Mi capita spesso di scontrami con il concetto di rinuncia quando evidenzio a qualcuno che “se parla di sacrifici, non sta amando quello che fa”. Ci sono sostanzialmente due posizioni:
- Una vita senza sacrifici non è possibile.
- Il soggetto cambia termine e introduce “la rinuncia” (beh, non si tratta proprio di sacrifici, ma di rinunce…).
Di solito colpisco qualcosa d’importante per il mio interlocutore: l’avere figli, un risultato sul lavoro o nella vita privata (arrivato dopo “tanti sacrifici” ecc.) e la prima non è che una difesa per risentimento: che nella vita ci siano sacrifici ci sta, ma non certo per un oggetto d’amore. Per chi non è convinto, rimando all’articolo sulla soddisfazione (ved. paragrafo sui sacrifici).

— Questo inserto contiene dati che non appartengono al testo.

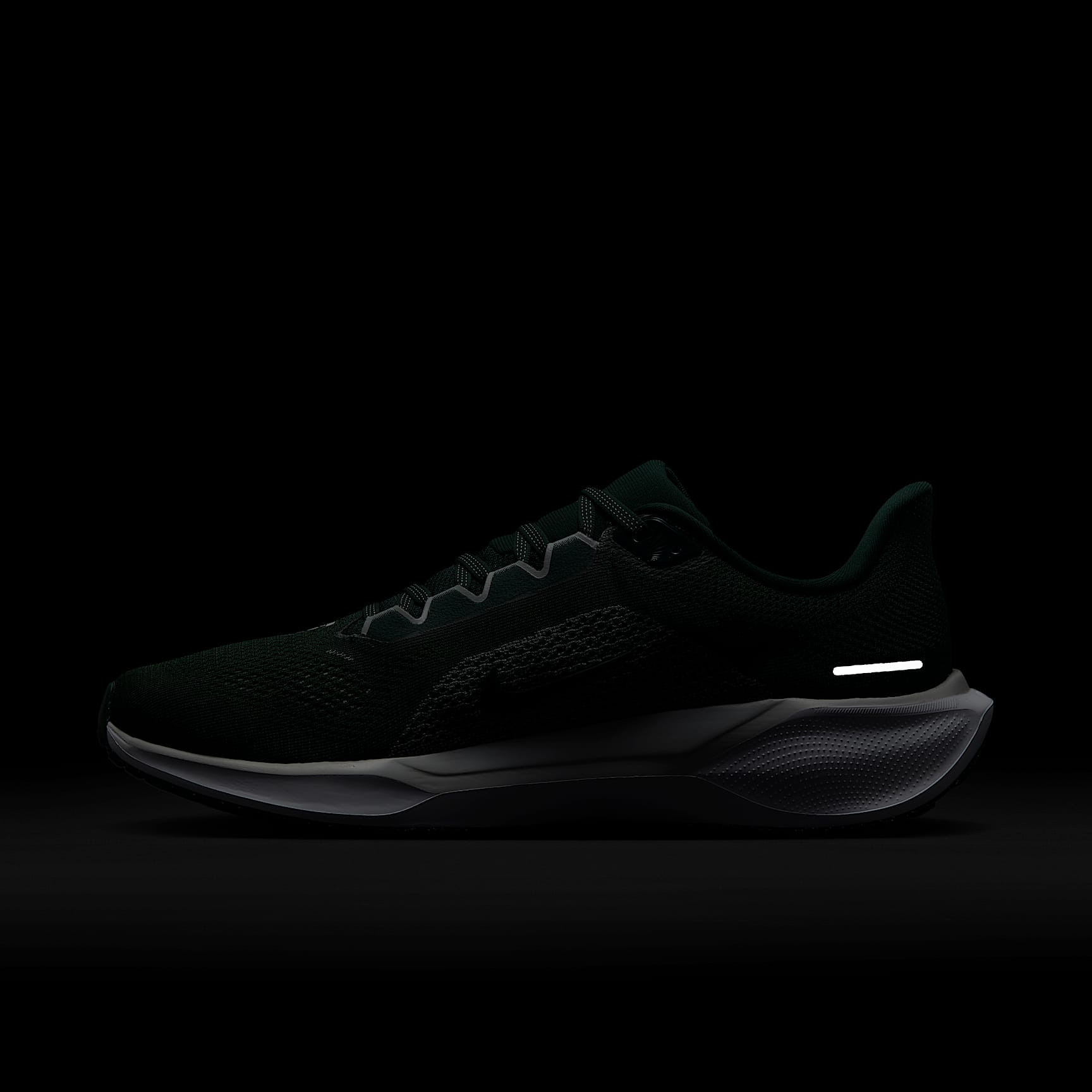 Michigan State Pegasus 41 Men's Nike College Road Running Shoes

Il secondo punto a mio avviso è più interessante e parte dalla costatazione che “qualunque scelta noi facciamo rinunciamo a qualcosa”, sottintendo la rinuncia all’alternativa non scelta. In realtà c’è un equivoco sulla parola rinuncia. La rinuncia implica (Treccani) l’abbandono volontario di beni o soddisfazioni che si potrebbero avere o sperare. Beni o soddisfazioni, quindi qualcosa di positivo. Se messo di fronte alla scelta se vivere o morire, io scelgo di vivere, suonerebbe piuttosto comico se qualcuno mi dicesse “ma come, tu hai rinunciato a morire?”.

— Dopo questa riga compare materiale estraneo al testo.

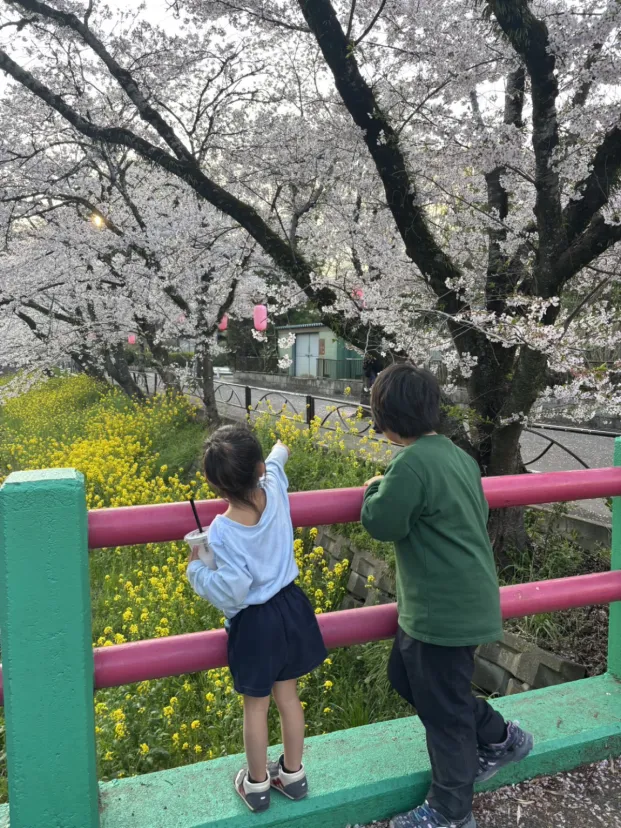 行屋川水辺公園さくら祭り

Facciamo un esempio classico. Devo scegliere fra un oggetto d’amore e la festa di compleanno di un mio amico. Rinuncio a partecipare a un evento che implica il mio oggetto d’amore e vado alla festa dell’amico (altrimenti magari si offende)? Se ho dubbi nella scelta, probabilmente (visto che definire oggetto d’amore un amico suona strano, non è un figlio o un partner) quello che io credevo un oggetto d’amore non è tale oppure sono talmente condizionato dalle convenzioni sociali da “rinunciare” al mio oggetto d’amore e andare alla festa di compleanno dell’amico (peggio ancora se si tratta della festa del mio capo, alla Fantozzi).

Il concetto di rinuncia spesso viene ammantato di un significato positivo che non necessariamente ha
Molti si chiederanno come sia possibile che non mi dispiaccia nemmeno un po’ rinunciare alla festa. No, zero. L’evento collegato all’oggetto d’amore azzera ogni presunto beneficio dell’alternativa. Di solito questo si capisce per eventi negativi, magari luttuosi: se per esempio mio figlio sta male, è stato portato all’ospedale, della festa dell’amico non mi importa nulla. Bene, se X è veramente un oggetto d’amore, vale anche al positivo: non vivere l’evento collegato a X sarebbe illogico come lasciare il figlio all’ospedale e andare a divertirsi dall’amico. La difficoltà di comprendere il concetto sta proprio nel non comprendere che un oggetto d’amore (qualunque esso sia) non è negoziabile.
P.S.: E se ho più oggetti d’amore? In questo caso vale il principio della rotazione che li mette in una scala di priorità, vedasi l’articolo corrispondente.